Trees provide shade and life to your yard while keeping cooling costs down in summer. Just like any plant in your landscaping, trees are healthiest when given the proper care. Keep your trees well-maintained with these six tips to care for trees at home.
1. Plant Trees in the Right Place
When adding new trees to your property, choose a place that’s well away from power lines and underground utilities. Give roots plenty of room to spread by planting trees away from the home and other structures. By doing so, you’ll also keep branches away from your roof and siding.
2. Trim as Needed
Trees will need to be trimmed occasionally to remove dead or damaged limbs and keep branches away from the home. Over-pruning or trimming can slow a tree’s growth, so be thoughtful about when and how often you do this. Prune in winter when the trees are dormant. In the summer, clear away dead or damaged areas to keep trees healthy.
3. Add Mulch to Care for Trees
Mulch adds a finished look to your landscaping. More importantly, mulching helps retain water, slows weed growth, and insulates the roots from extreme temperatures. Spread a layer of mulch that’s 3-4″ deep around the base of the trees, keeping it about 10″away from the bark. You’ll improve curb appeal by making your front yard look well-cared-for while protecting the roots of your trees.
4. Test the Soil and Fertilize
If you’ve been properly caring for your trees at home but they don’t seem healthy, the soil may be lacking the proper nutrients. Troubleshoot the problem by testing the soil and fertilizing as needed.

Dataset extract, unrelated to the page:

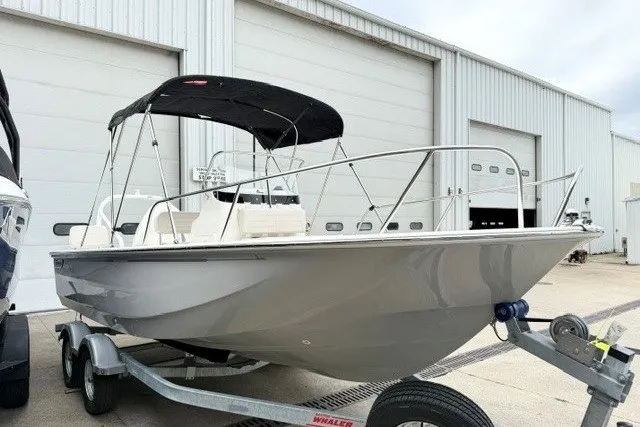 Slide: The Image of 2027 Boston Whaler 190 Montauk boat on trailer, parked outside a warehouse. - 2
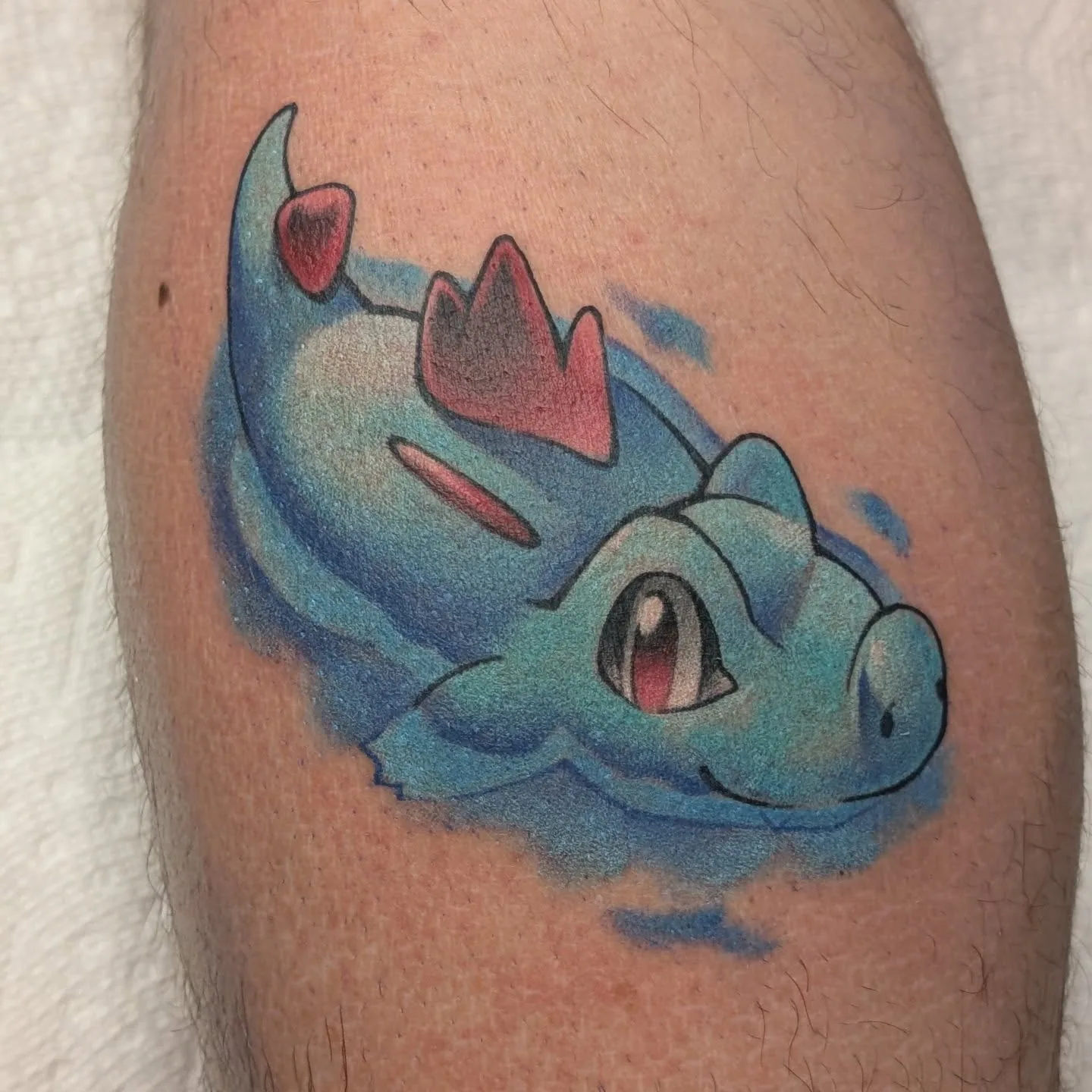 Blue dragon creature calf tattoo raleigh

Testing the soil will help you to determine the minerals already present along with the pH levels. A soil test can be performed by a professional or with a DIY kit.

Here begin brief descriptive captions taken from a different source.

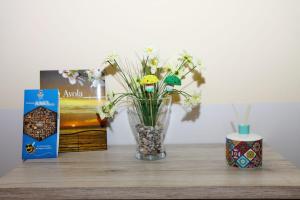 un vaso con dei fiori sul tavolo. di Largo Baluardo 13 ad Avola Altre 49 foto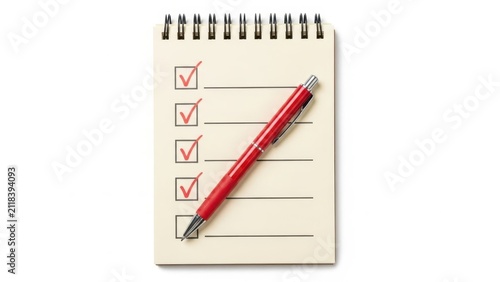 Red pen checking boxes on a to-do list in a notebook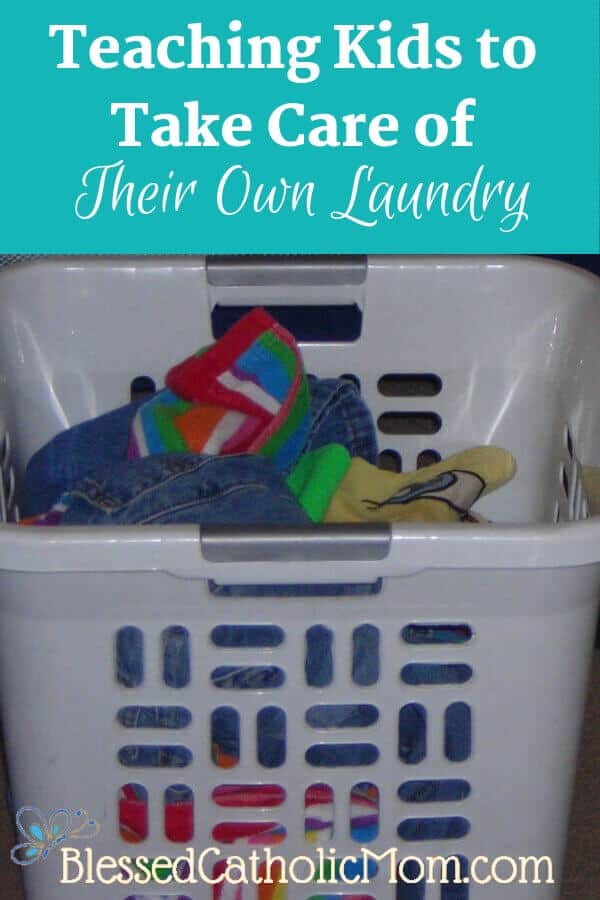 Here is a simple solution to our family's laundry dilemma: kids can do their own laundry. When we work as a family, we share the work load. Image of a white basket full of laundry. Title of article and Blessed Catholic Mom logo on image. 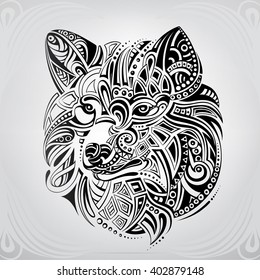 Silhouette of the head of a wolf in an ornament svg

5. Care for Trees at Home with Proper Watering
Unless it hasn’t rained for several weeks, mature trees won’t need supplemental watering. During dry times, an inch of water each week should be sufficient. Newly planted and replanted trees need more water than those that are well-established. Each week, give new trees about four gallons of water for every inch of the tree’s diameter for the first one or two growing seasons.
6. Look Out for Pests and Disease
Pests and diseases can harm and slowly kill trees. Check your trees regularly for structural changes, fungi, and spots on leaves. A handbook, online resources, and your local agriculture extension office can help you identify pests and diseases in your area. You can also call an ISA-certified professional arborist to come out and assess your tree’s health.